Atualmente, Gisele opta por uma dieta composta por aproximadamente 80% de alimentos vegetais e 20% de origem animal, o que, segundo ela, tem ajudado a atender suas necessidades nutricionais de maneira equilibrada.
Mas, afinal, a dieta vegana prejudica a saúde?
O médico nutrólogo Renan Moreira Silva, coordenador da pós-graduação em nutrologia da Afya Educação Médica São Paulo, esclarece que a dieta vegana pode atender às necessidades de ferro, desde que haja um planejamento adequado e monitoramento clínico regular. Ele destaca que as principais sociedades científicas, como a Academy of Nutrition and Dietetics, reconhecem que dietas veganas são adequadas em todas as fases da vida, desde que bem estruturadas e acompanhadas.
Entretanto, Renan enfatiza que a suplementação deve ser realizada com cautela: “Ela não deve ser feita por conta própria. Deve ser indicada após avaliação laboratorial, já que o excesso de ferro também pode ser prejudicial, ocasionando estresse oxidativo.”
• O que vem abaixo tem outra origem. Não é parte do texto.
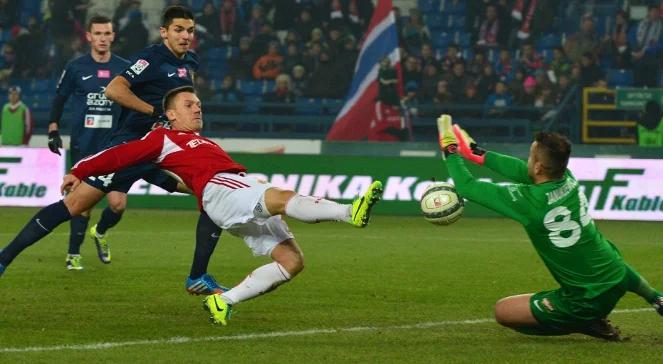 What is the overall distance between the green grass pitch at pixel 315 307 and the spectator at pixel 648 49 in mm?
9600

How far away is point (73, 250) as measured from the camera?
479 inches

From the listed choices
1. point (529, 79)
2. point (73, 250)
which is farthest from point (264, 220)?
point (529, 79)

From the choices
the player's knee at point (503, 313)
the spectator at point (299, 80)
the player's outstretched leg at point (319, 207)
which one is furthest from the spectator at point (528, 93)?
the player's outstretched leg at point (319, 207)

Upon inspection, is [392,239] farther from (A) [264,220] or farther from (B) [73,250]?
(A) [264,220]

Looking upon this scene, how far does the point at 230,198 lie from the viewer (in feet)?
26.7

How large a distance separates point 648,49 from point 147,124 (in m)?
16.4

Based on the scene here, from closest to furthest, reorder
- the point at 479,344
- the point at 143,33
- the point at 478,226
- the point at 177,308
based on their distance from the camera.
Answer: the point at 479,344
the point at 177,308
the point at 478,226
the point at 143,33

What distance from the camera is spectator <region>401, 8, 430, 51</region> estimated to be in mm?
26281

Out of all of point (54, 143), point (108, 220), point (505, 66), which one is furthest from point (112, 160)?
point (505, 66)

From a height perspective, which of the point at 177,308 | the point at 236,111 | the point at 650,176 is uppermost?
the point at 177,308

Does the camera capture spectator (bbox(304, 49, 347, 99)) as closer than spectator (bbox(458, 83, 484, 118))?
No

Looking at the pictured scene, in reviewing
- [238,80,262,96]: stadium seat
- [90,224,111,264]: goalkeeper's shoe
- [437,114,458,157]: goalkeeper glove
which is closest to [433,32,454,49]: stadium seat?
[238,80,262,96]: stadium seat

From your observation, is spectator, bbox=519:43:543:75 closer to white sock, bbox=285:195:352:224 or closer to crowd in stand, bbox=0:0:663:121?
crowd in stand, bbox=0:0:663:121

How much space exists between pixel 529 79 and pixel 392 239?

O médico sugere algumas estratégias para aumentar a absorção de ferro na alimentação:
- Associar com vitamina C (laranja, acerola, limão);
- Evitar chá/café próximo das refeições;
- Técnicas como remoção de fitatos (deixar o alimento de molho);
“O grande ponto não é ‘ser vegano’, mas como ser vegano. Uma dieta vegana segura não é intuitiva, ela é estruturada, monitorada e personalizada. Precisa-se educar sobre fontes de nutrientes alternativas”, conclui Renan.
Ele também ressalta que a dieta vegana não está necessariamente ligada à anemia, contanto que haja acompanhamento médico e nutricional adequado para individualizar o plano alimentar.
Não basta suplementar com feijão
A importância do acompanhamento médico em uma dieta completa é fundamental. O especialista em fisiologia metabólica e hormonal, Alexandre Duarte, afirma que é preciso desmistificar um conceito comum na cultura brasileira: feijão não é uma boa fonte de ferro.
Embora o feijão contenha ferro em termos absolutos, trata-se de ferro não-heme, que possui baixa biodisponibilidade, além de ser acompanhado de antinutrientes — fitatos, lectinas, oligossacarídeos — que dificultam ainda mais a absorção e podem causar desconforto digestivo.
“Remolho prolongado, descarte da água e cocção adequada ajudam a reduzir antinutrientes, mas não transformam o feijão em uma alternativa viável para tratar anemia. É complemento, nunca solução”, finaliza Alexandre.